ASSIGNED TASK: Write out every entry exactly as it appears, omitting the pictures.

▶

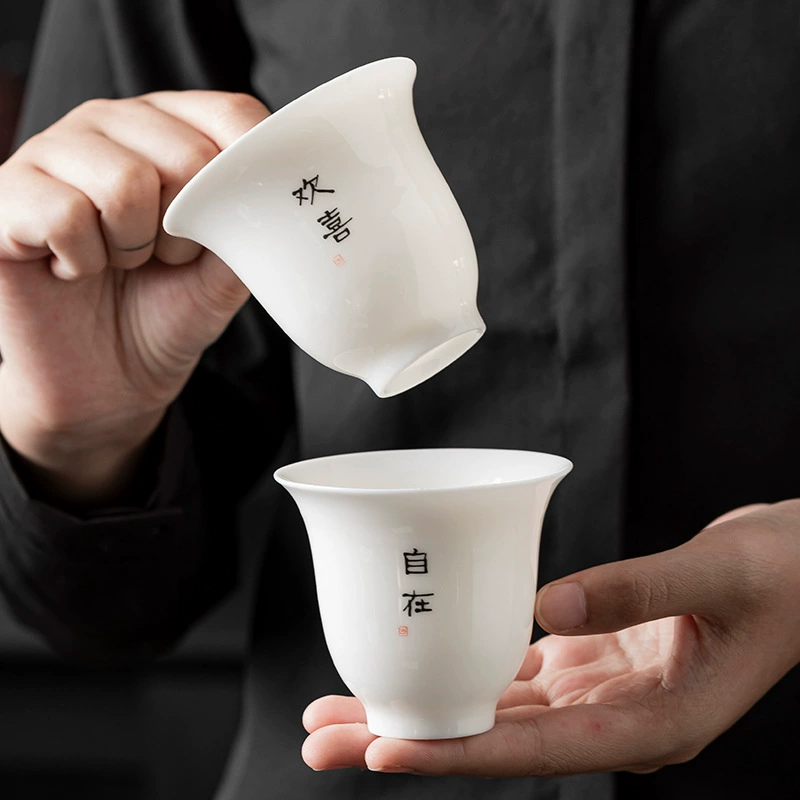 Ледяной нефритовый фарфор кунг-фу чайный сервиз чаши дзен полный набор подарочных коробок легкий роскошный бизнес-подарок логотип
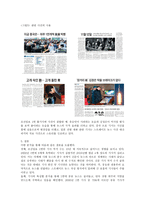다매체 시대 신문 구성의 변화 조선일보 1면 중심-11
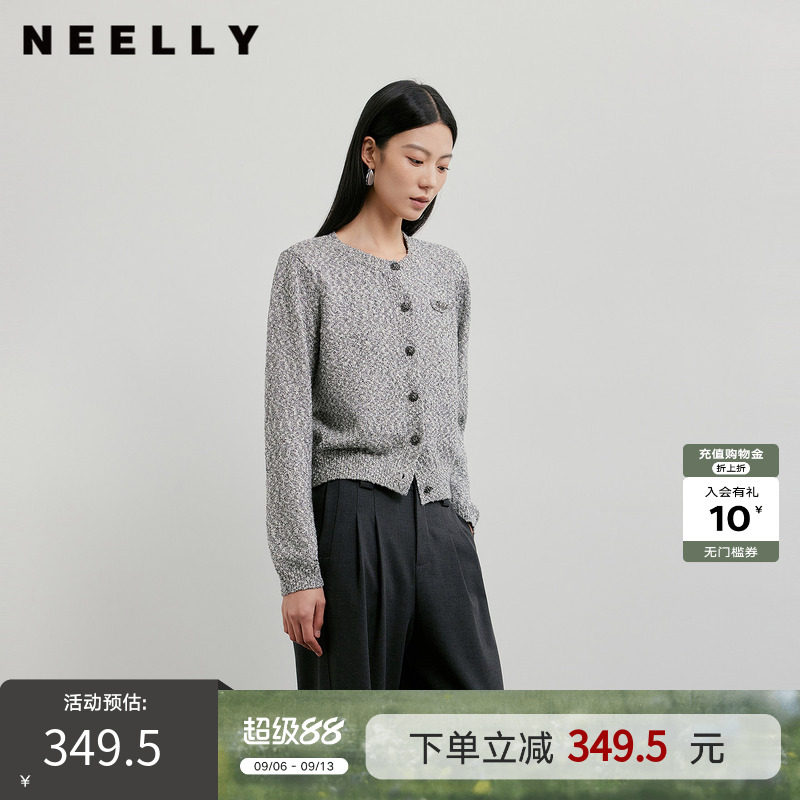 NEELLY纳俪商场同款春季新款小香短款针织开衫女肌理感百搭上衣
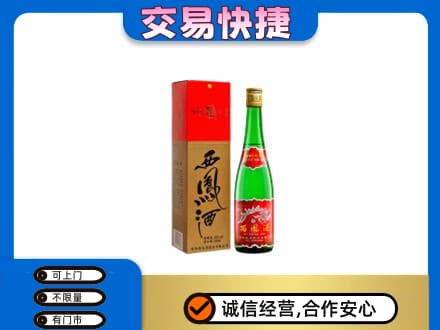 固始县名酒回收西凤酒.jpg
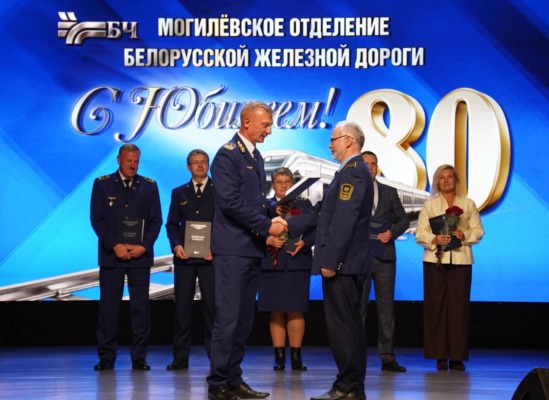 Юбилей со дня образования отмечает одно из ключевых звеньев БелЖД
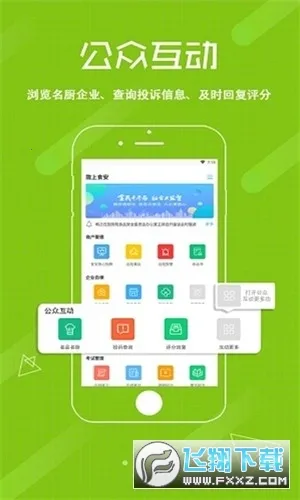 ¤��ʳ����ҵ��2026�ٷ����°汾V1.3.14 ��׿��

◀

ANSWER SECTION:
 Ледяной нефритовый фарфор кунг-фу чайный сервиз чаши дзен полный набор подарочных коробок легкий роскошный бизнес-подарок логотип
다매체 시대 신문 구성의 변화 조선일보 1면 중심-11
 NEELLY纳俪商场同款春季新款小香短款针织开衫女肌理感百搭上衣
 固始县名酒回收西凤酒.jpg
 Юбилей со дня образования отмечает одно из ключевых звеньев БелЖД
 ¤��ʳ����ҵ��2026�ٷ����°汾V1.3.14 ��׿��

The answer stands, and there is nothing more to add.